Childhood movies lead to nostalgia and new relationships

Raven Easterly, In-depth Editor

  Sitting in front of the television screen, wondering what to watch next, one may feel a spontaneous desire to skip past the new programs available and revisit an early 2000s Disney show or 90s cartoon movie. By impulse, one may choose a classic movie or TV show over new releases. While this feeling may seem to stem from simple curiosity, there are deeper psychological reasons driving such behavior. 

  Oftentimes, the programs one chooses to rewatch are those that once gave comfort. For example, the 90s show “Friends” could remind people of their youth and watching it with their families. 

  According to the brain takes our most meaningful experiences and ties all the contextual information to the memory. This means that people have affective memories or ones that are strongly connected to a specific emotion to the emotional context as well as the sensory imprints of the event. 

  These nostalgic movies have allowed people who watched the same shows as kids to connect and look back on the show and any random memories of scenes or lines that have stayed in our long-term memory.  

  Memories of these scenes can give a small push for strangers to turn into friends. With favorite childhood shows, it can lead to friendships with many others who also enjoyed the show.

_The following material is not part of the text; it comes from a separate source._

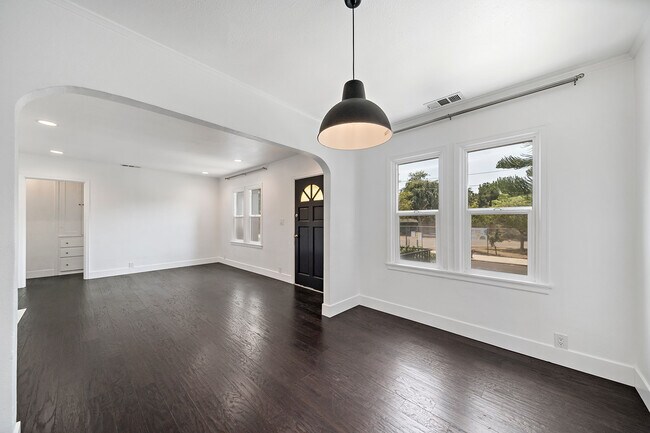 Building Photo - 4978 N North Maywood Ave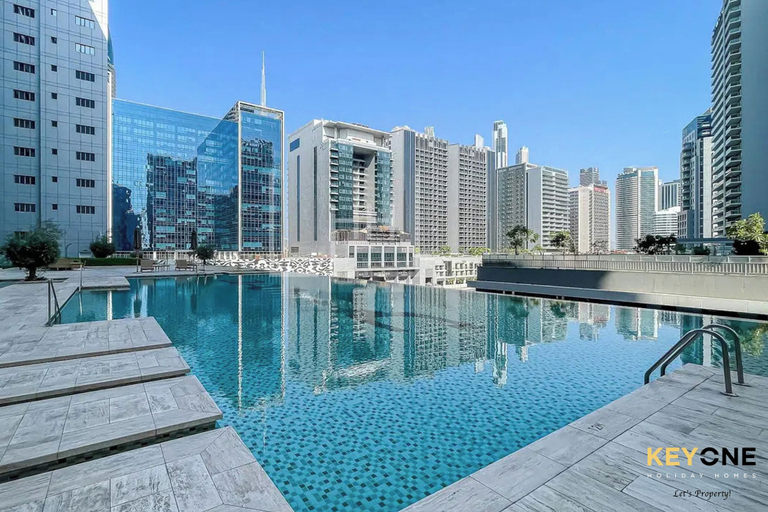 Outdoor pool 5, Majestine Stylish Studio with Canal View, Dubai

  When coming across someone who enjoyed the same childhood show, there is a much higher chance to like them as a person due to the similarity.  

  Meeting people who share our attitudes makes us feel more confident in our own attitudes about the world. If someone loved “Kim Possible,” meeting another fan shows them that loving the show is okay, and maybe even a virtue.   

  By staying connected to the optimism and hope of our youth, while maintaining a more mature perspective, we can have moments full of wonder and hope while being able to understand the things going on around us.